A first homebrew design: Band, antenna, and ground wave propagation

Question

I'm working on a very simple homebrew transceiver and request review of our selected band, antenna, and power.

Background: A child got very interested in ham radio, as an incentive for to earn his license and CW (way to go!), I committed to earn my license and design and build a simple CW transceiver with him. His (and my) interest is on the electronics side, understanding and designing RF rigs, more than the ability to talk with anyone around the world.

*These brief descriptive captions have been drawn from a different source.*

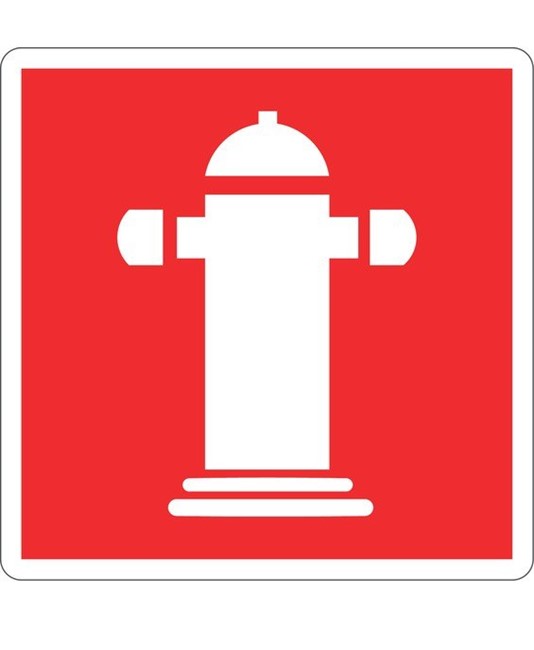 Cartello con simbolo 'colonnina idrante' Cartello con simbolo 'colonnina idrante'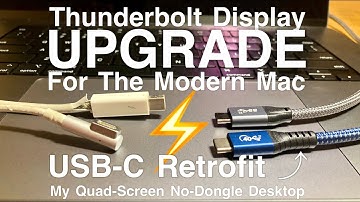 Thunderbolt Display USB-C Retrofit for Modern Macs!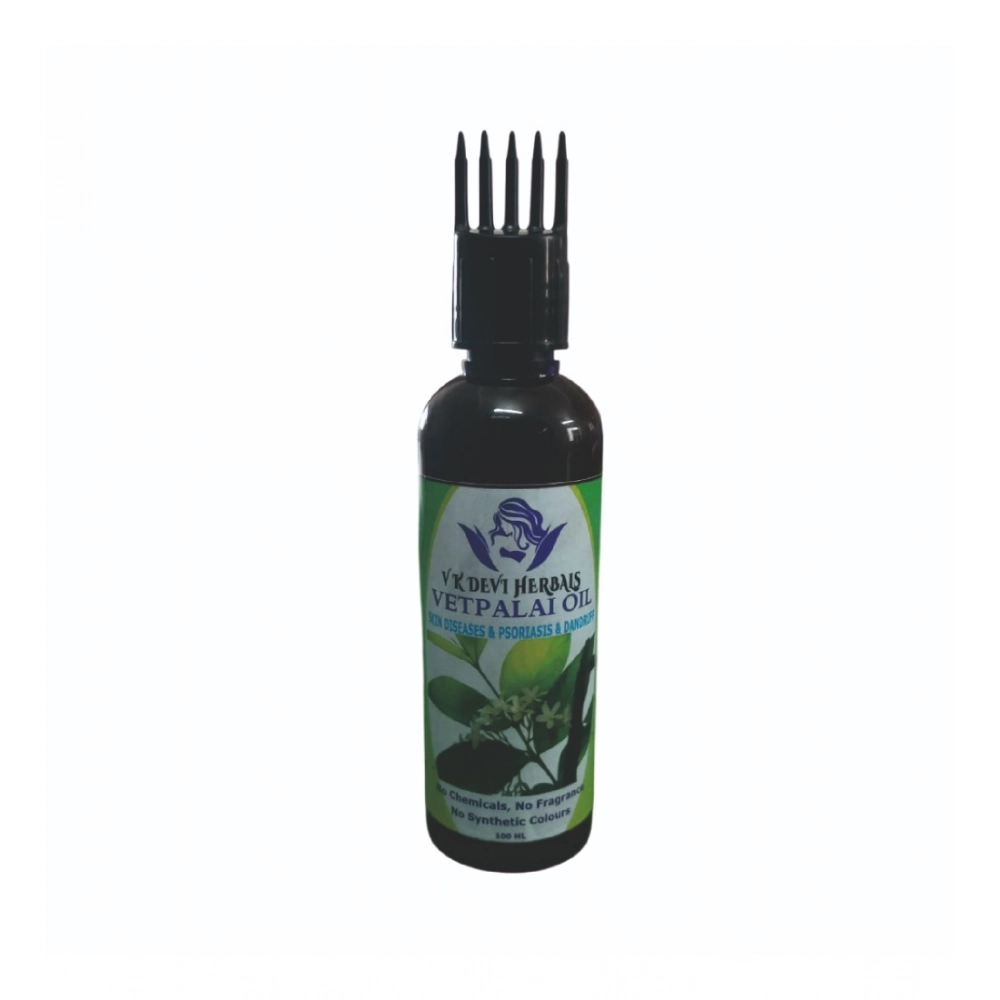 Generic Devi Herbal Vetpalai 100 ML Oil - Anti-Dandruff And Psoriasis Relief Oil
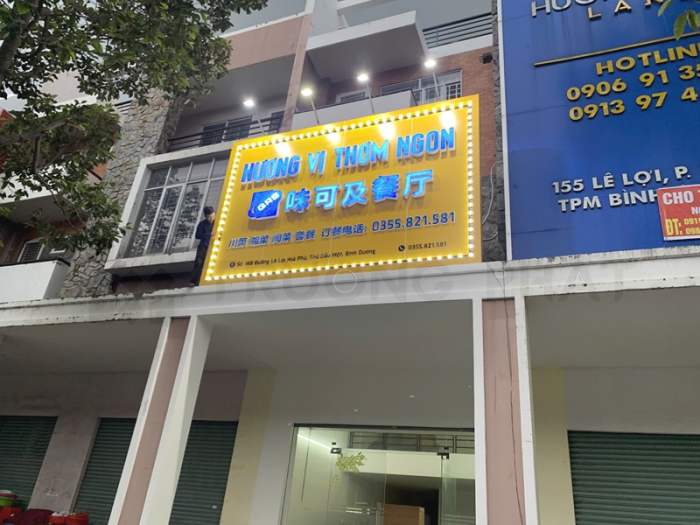 Dịch vụ thiết kế chữ nổi mica LED ấn tượng, thu hút, giá rẻ tại Bình Dương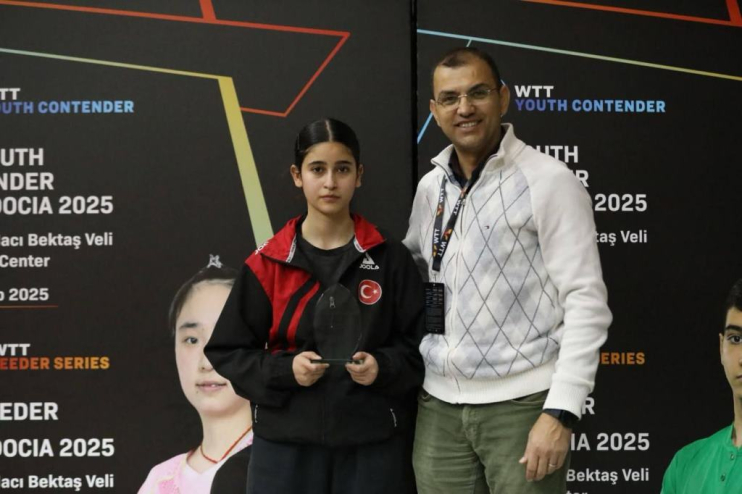 KOCASİNAN BELEDİYESİ, WTT YOUTH CONTENDER TURNUVASINDA BÜYÜK BAŞARIYA İMZA ATTI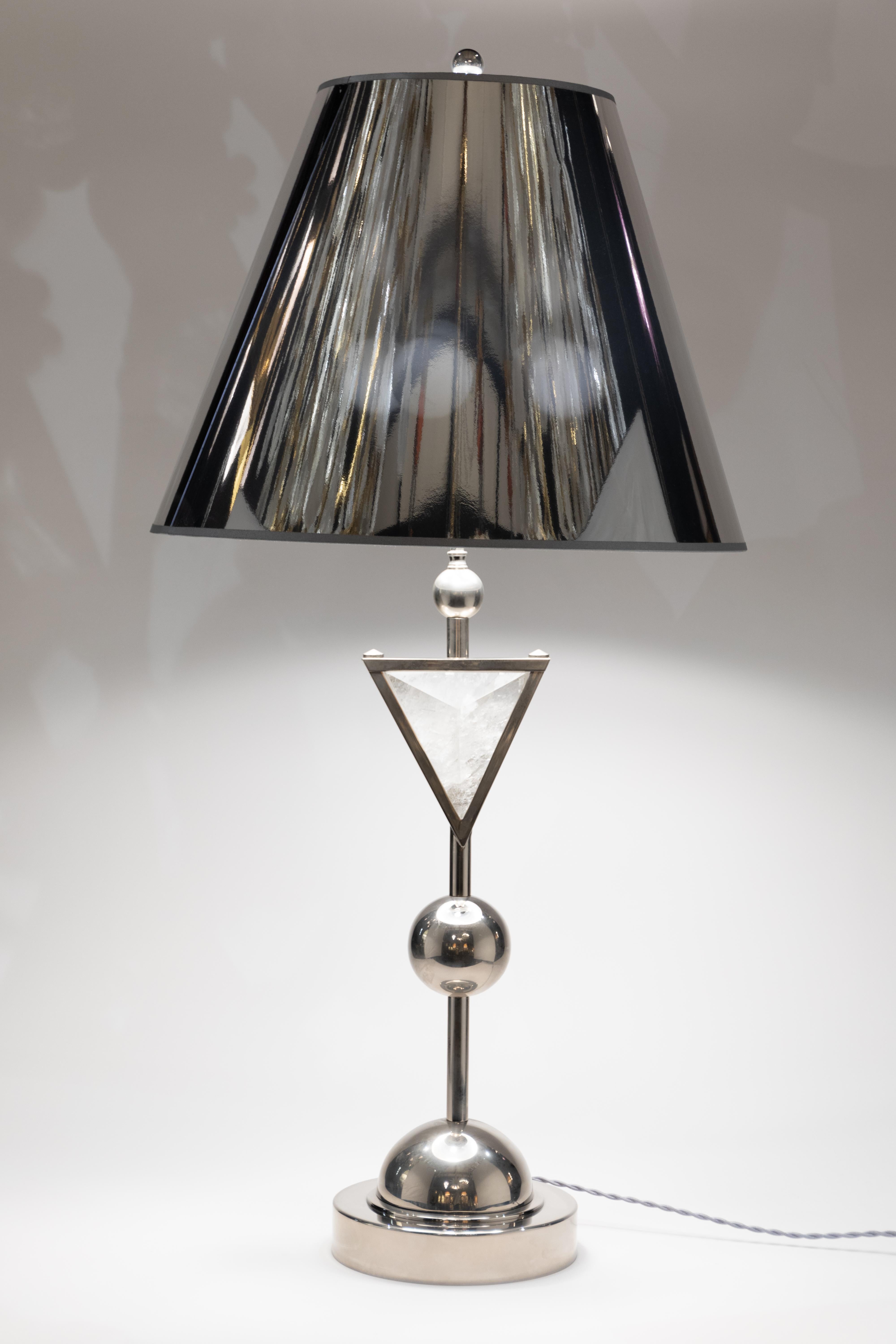 Contemporary Modern Rock Crystal Diadem Lamps By Alexandre VOSSION. For Sale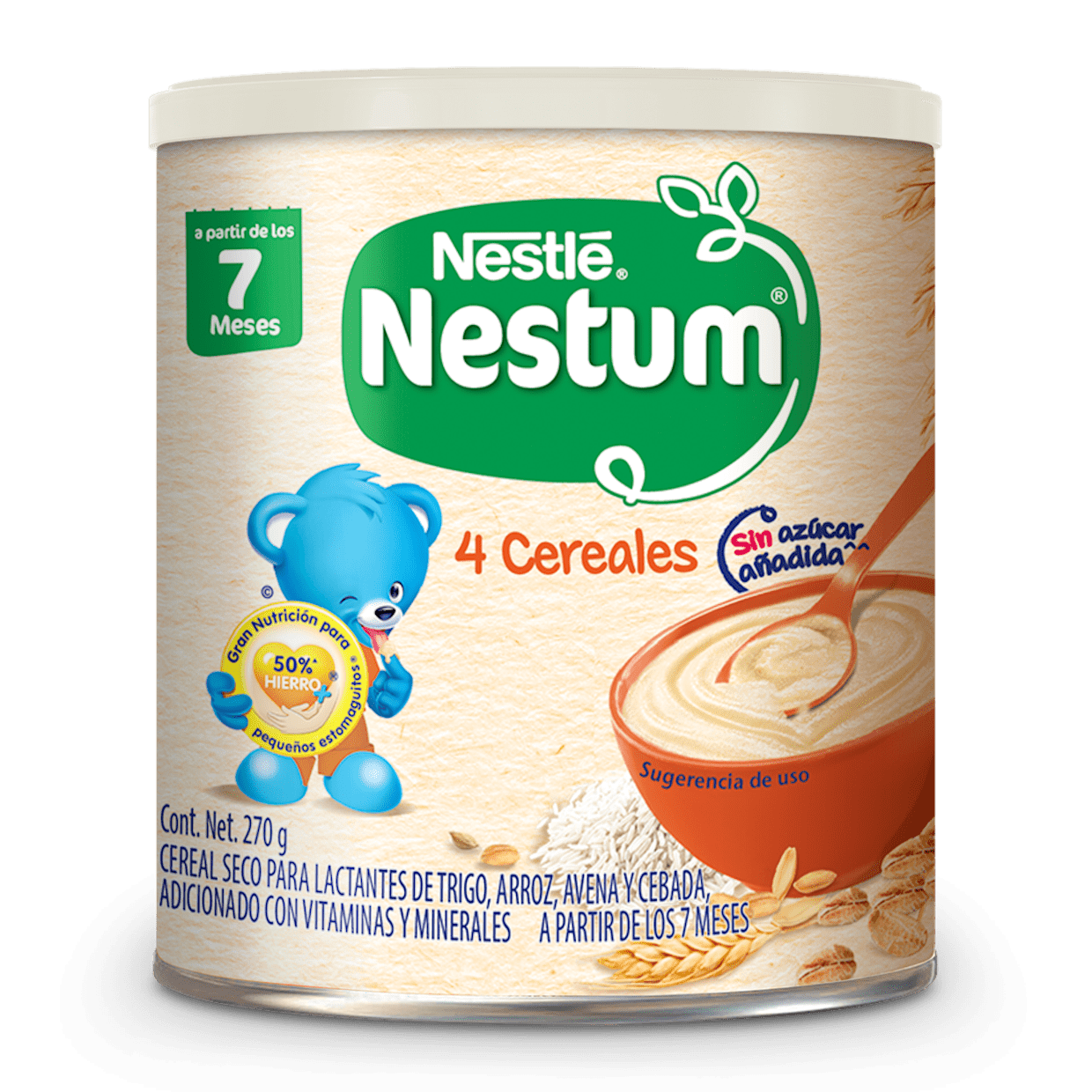 Mejores Cereales Bebé 4 Meses Nestum Cereal 4 cereales etapa 2 null 270 Gramos — Farmacias Benavides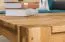 Table basse Wooden Nature 124 | Chêne massif | 105 x 65 x 45 cm | Design moderne et robuste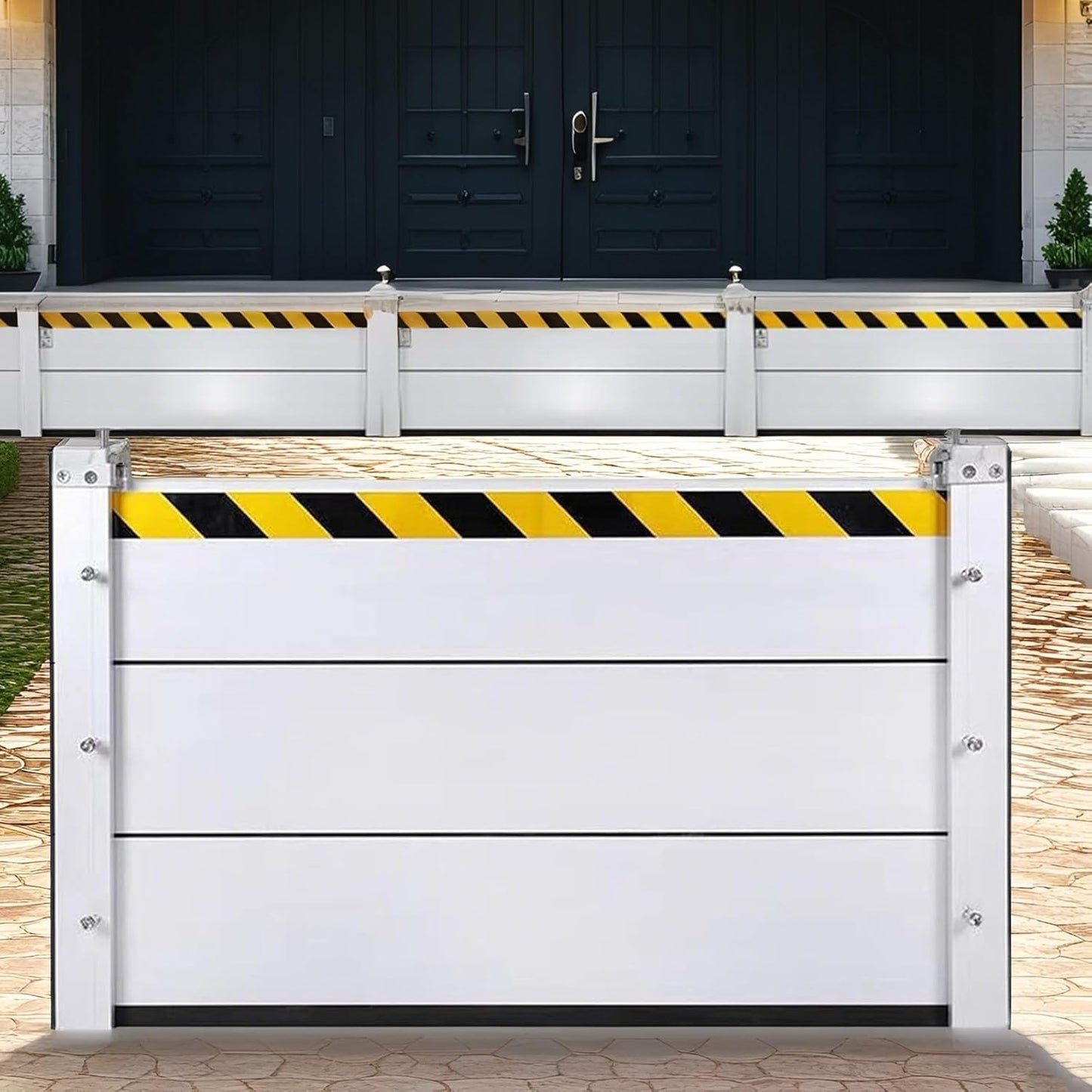 Flood Barriers for Home Exterior,Aluminum Alloy Outdoor Garage Doors Water Barriers for Flooding(H39.4Inch,L7.5FT)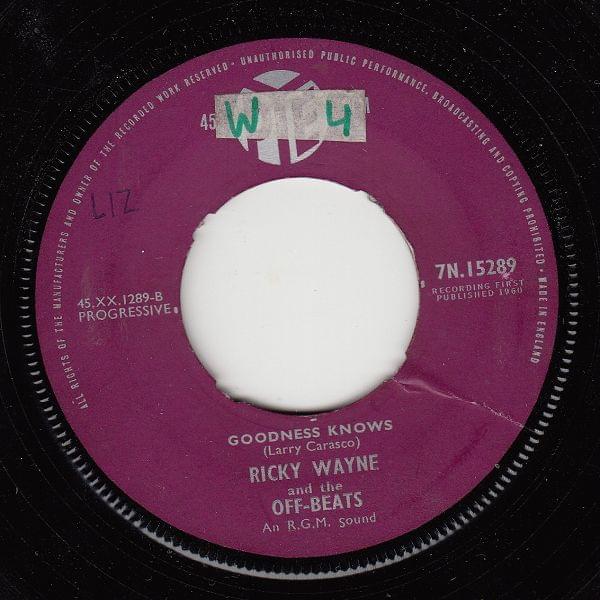 Goodness Knows by Ricky Wayne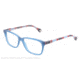 D&amp;G VIBRANT COLOURS DD1238 Eyeglass Frames 2762-52 - Matte Blue Frame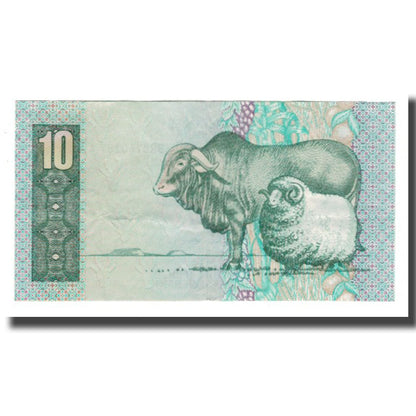 bankovec, 
  
  Južna Afrika, 
  
  10 Rand
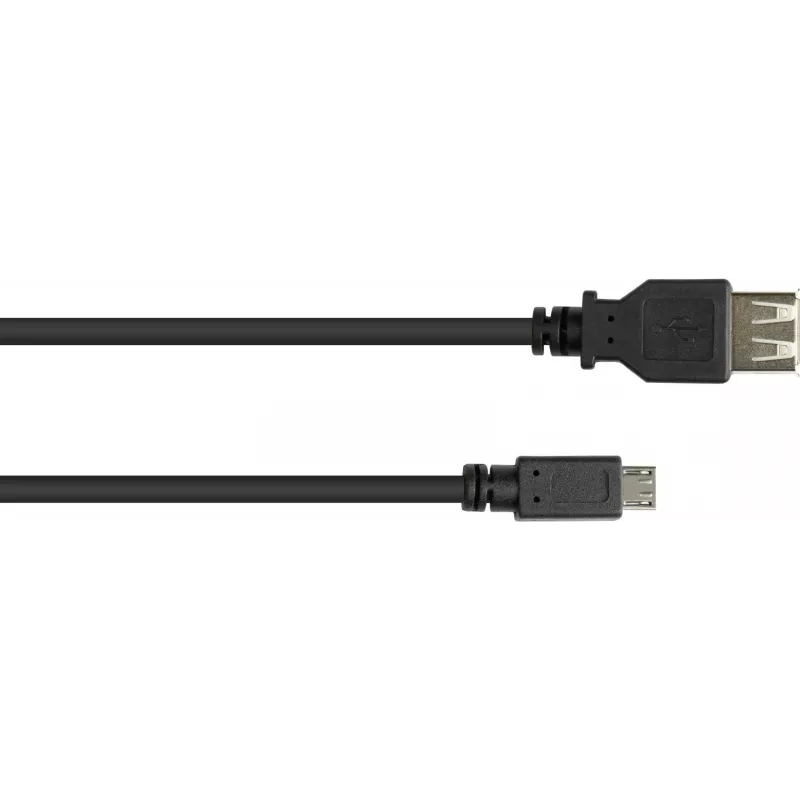 GoodConnections USB-OTG adaptera kabelis, Micro-USB Type B tēviņš uz USB Type A mātīte, USB 2.0, 0,1 m, melns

Goals & Non-Goals: Simple is the key word. This is our first RF design (though we've designed and built many analog and digital circuits), and we need to start small. So we've agreed on a well-defined goal:

Design and build two devices that can communicate with each other at small distances (10 km objective, 1 km threshold) through CW on the Technician licensed spectrum.

Simple means:

1. Simple to design. This is our first RF design.
2. Simple to debug.
3. Simple to build. Ideally all parts should be commonly available.
4. Simple to deploy. Large or antennas and power supplies are prohibitive. The rig with antenna needs to be transportable (though not necessarily mobile).

Working DX or even random QSOs are non-goals at this stage. That may come later. For now, we have a clear focus: talk to each other over short distances.

Preliminary Design: Based on those goals (and non-goals), we selected the following, to which I ask for review, feedback, and suggestions:

Band & Antenna: Since we'll need to use our DSO to debug, which has a maximum frequency of 40 MHz, the wavelength must be 10 m or longer (no VHF). 10 m also makes antennas much easier, makes minimal antenna height possible, and may allow mounting the antenna vertically (needed for good ground wave propagation). And although 10 m propagation is tricky, since we're focusing on short distance ground wave propagation, I believe 10 m should work well enough.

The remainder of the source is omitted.